A researcher at the University of Calgary says she has developed a method of turning greenhouse gases into valuable carbon nanofibres.
Mina Zarabian came up with the concept while completing her doctorate in chemical and petroleum engineering at the university’s Schulich School of Engineering.
Zarabian and her professor, Pedro Pereira Almao, worked together to come up with the technique.
The nanofibres have multiple industrial uses that included replacing metal in cars and airplanes, wind turbines, battery manufacturing and construction.
“This is a process that turns natural gas and CO2, carbon dioxide, both known as greenhouse gases, into solid carbon nanofibres which can be sold in a brick or powder for a lot of industries that utilize them,” Zarabian said during a tour of her lab.
“It can be used everywhere that you can imagine … transportation vehicles to make them lighter and more durable so they can be more fuel efficient.”
The transformation moved from its theoretical beginnings in the chemistry lab to a working model at the university.
Lines from tanks of carbon dioxide and methane feed into a small chamber the size of a balloon. Once it’s exposed to extreme heat, black powdery residue appears in a glass tube. A piece of metal in the tube acts as a catalyst.
“It’s the secret sauce of our process,” said Zarabian. “The good thing is it’s not something very magical or expensive or platinum or some super-fancy expensive metal.

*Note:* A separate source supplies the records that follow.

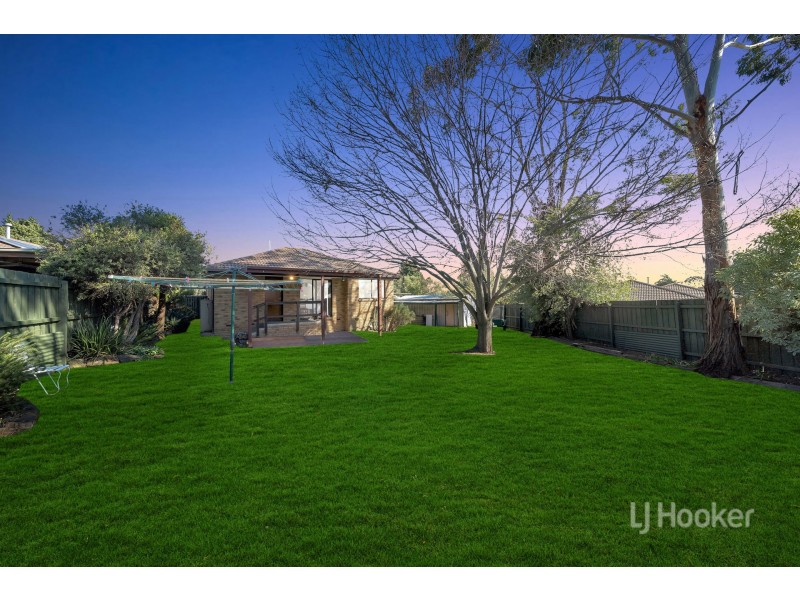 11 Medinah Rise, Hampton Park VIC 3976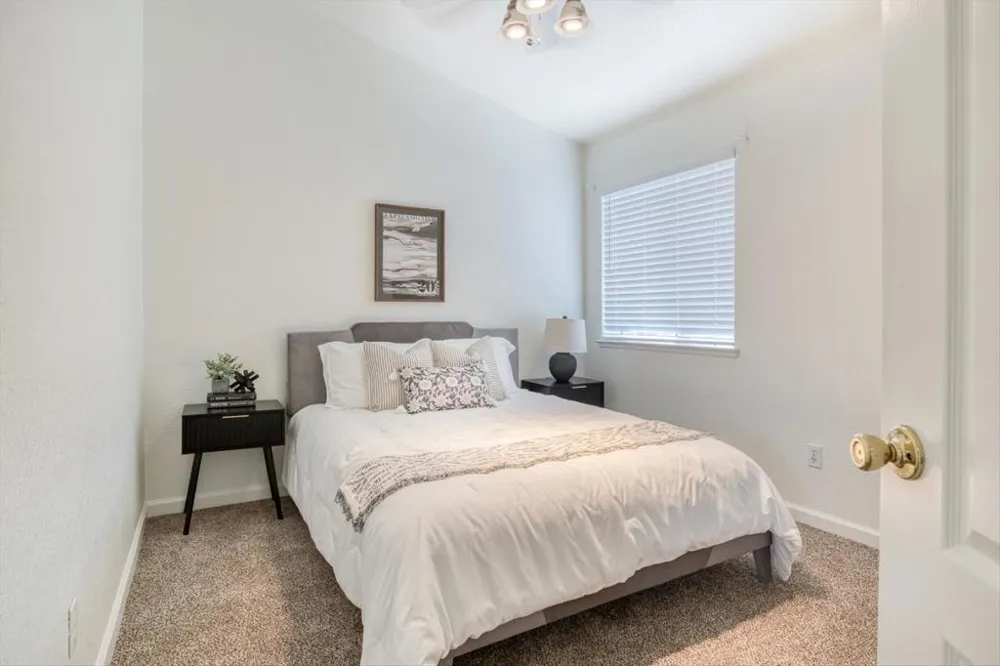 643 E Springer Drive Turlock, CA 95382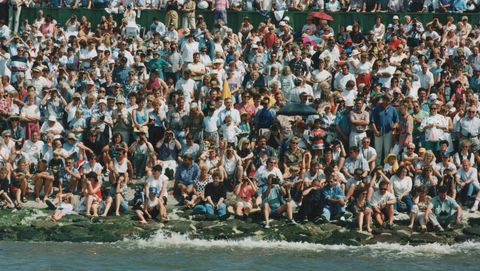 Sail 1995 - Menschen am Deich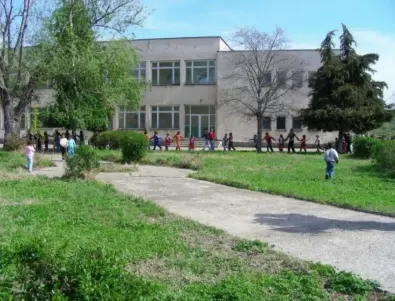 Депутат от ИТН: Училище в България си има всичко, но не и канализация. Дали?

It’s a normal metal which can be found anywhere with a high amount of resources.”
Carbon fibres are expensive and currently cost about $100 per kilogram, she said.

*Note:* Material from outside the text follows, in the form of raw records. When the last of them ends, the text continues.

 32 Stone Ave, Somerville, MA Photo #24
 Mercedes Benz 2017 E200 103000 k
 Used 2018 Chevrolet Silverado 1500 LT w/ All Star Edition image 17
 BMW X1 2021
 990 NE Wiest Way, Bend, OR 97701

Zarabian would like to see the technology eventually installed at natural gas power plants.
“Then we are going to send clean electricity without carbon to Alberta and then also harvest carbon fibre to build something useful.”
A spokesman with Greenpeace said he’s happy efforts are continuing to reduce greenhouse gases, but the problem won’t be solved by technology alone.
“Without seeing the technology, it’s hard to say how well this would work,” said climate campaigner Mike Hudema.
“There are a lot of questions to be answered, including how much it would cost and is it possible to build it to the scale required to make a real difference?”